Data listing Block Start
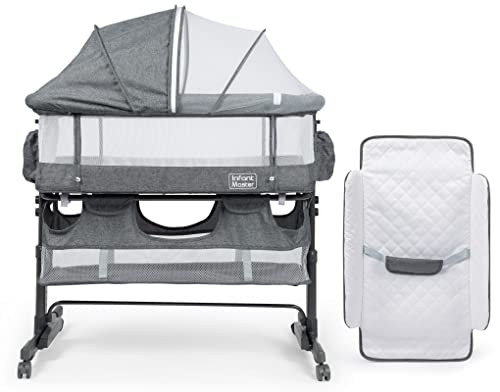 3 in 1 Baby Bassinet, Upgraded Beside Crib with 360° Highly Visible Mesh wall, Comfy Co-sleeper Bassinet with mattress, 5 Level Adjustable Height, Foldable & Portable BabyTravel Crib for Newborn, Grey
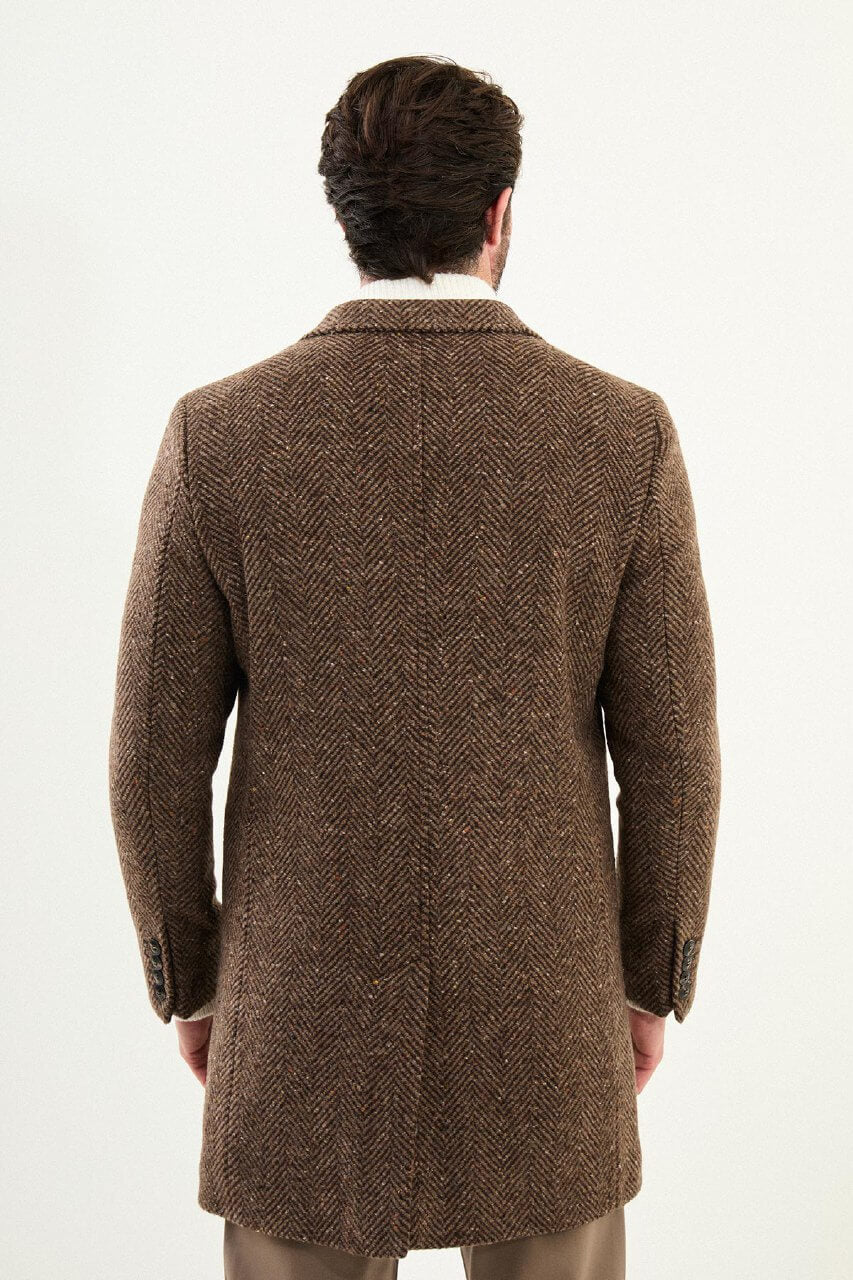 Beige Herringbone Wool Blend Overcoat - SUITHARBOR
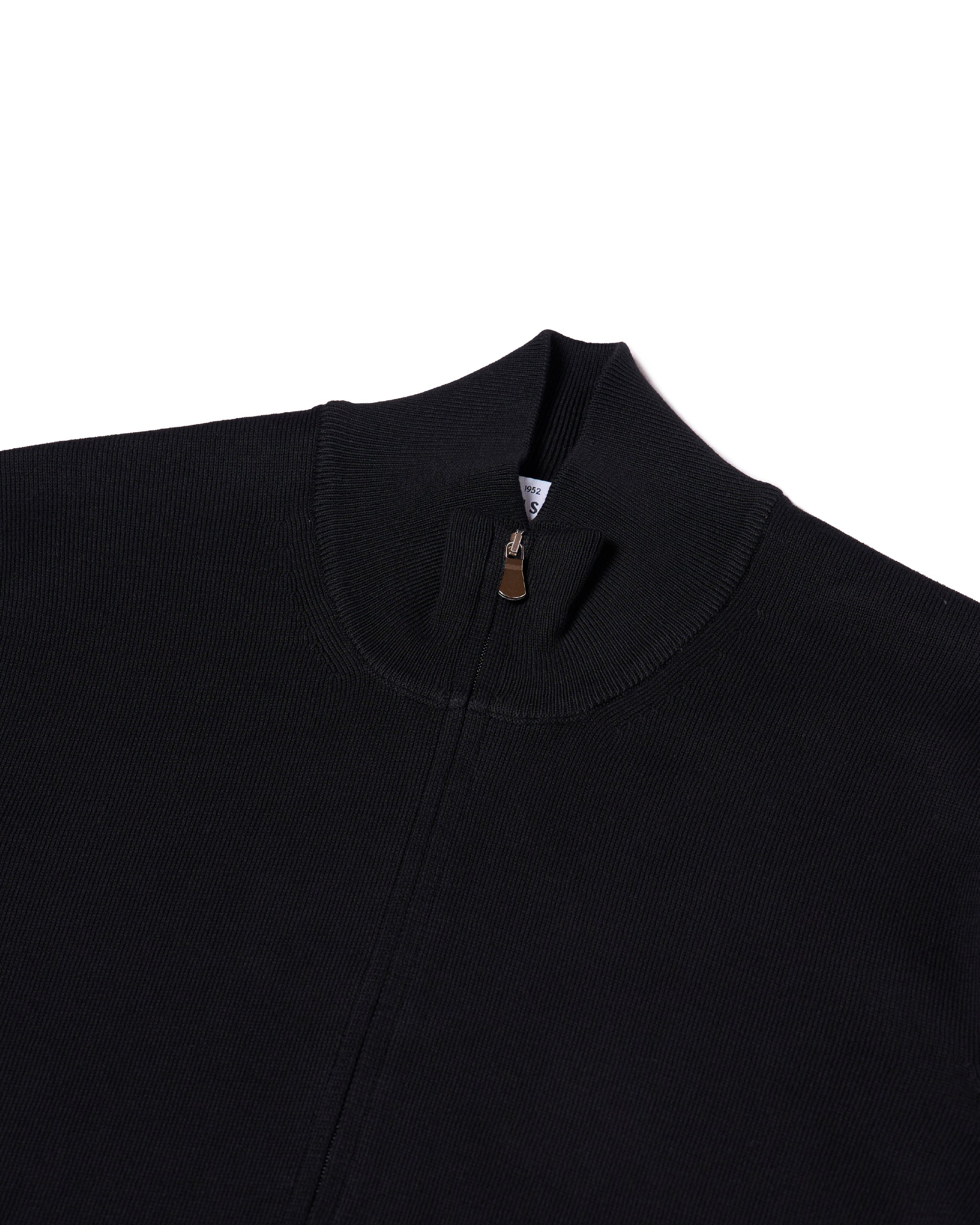 Knitted mock neck with zip cotton sweater - Black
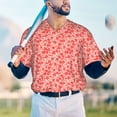 thumbnail image 5 of Zufioo Red Pretty Flowers Print Men's Baseball Short Sleeve, Moisture Wicking Button-Down Hip Hop Tee-Small, 5 of 7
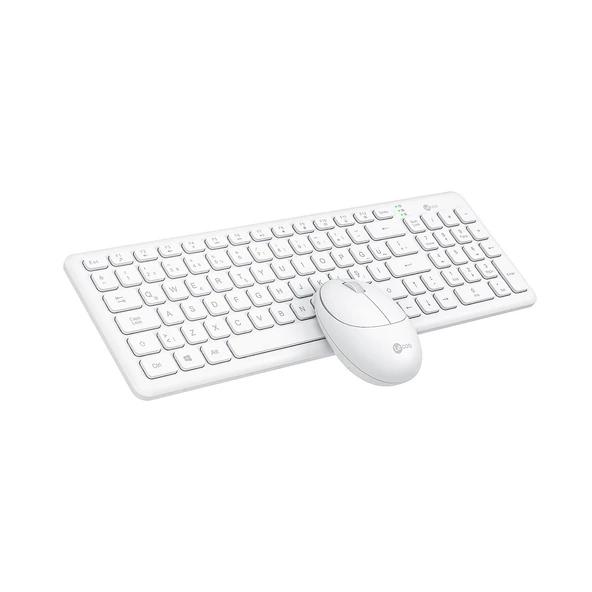 Kablosuz Türkçe Q Klavye Mouse Set – 2.4GHz USB, Sessiz Tuşlar, Ofis & Ev Kullanımı İçin Ergonomik (BEYAZ) (Lecoo KW204 ) ürün görseli 1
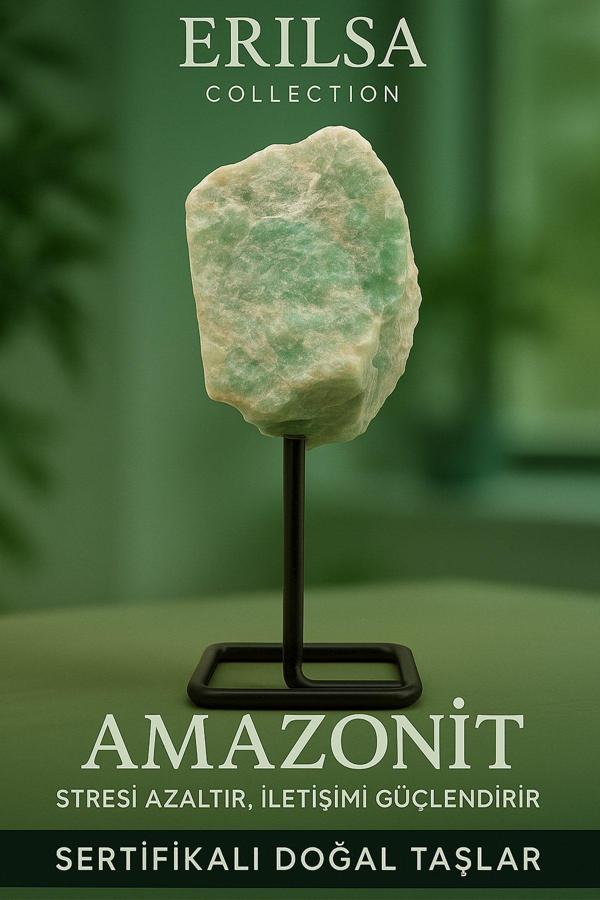 Sertifikalı Doğal Ham Amazonit Taşı Standlı Obje – Duygusal Denge ve İletişim Gücünü Artırır - Image 1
Data listing Block End
What needs to be done =
Restate word for word the lines above that start at the line containing "Kablosuz Türkçe Q" and run to the end of the listing; exclude the pictures.

Written solution =
 Kablosuz Türkçe Q Klavye Mouse Set – 2.4GHz USB, Sessiz Tuşlar, Ofis & Ev Kullanımı İçin Ergonomik (BEYAZ) (Lecoo KW204 ) ürün görseli 1
 Sertifikalı Doğal Ham Amazonit Taşı Standlı Obje – Duygusal Denge ve İletişim Gücünü Artırır - Image 1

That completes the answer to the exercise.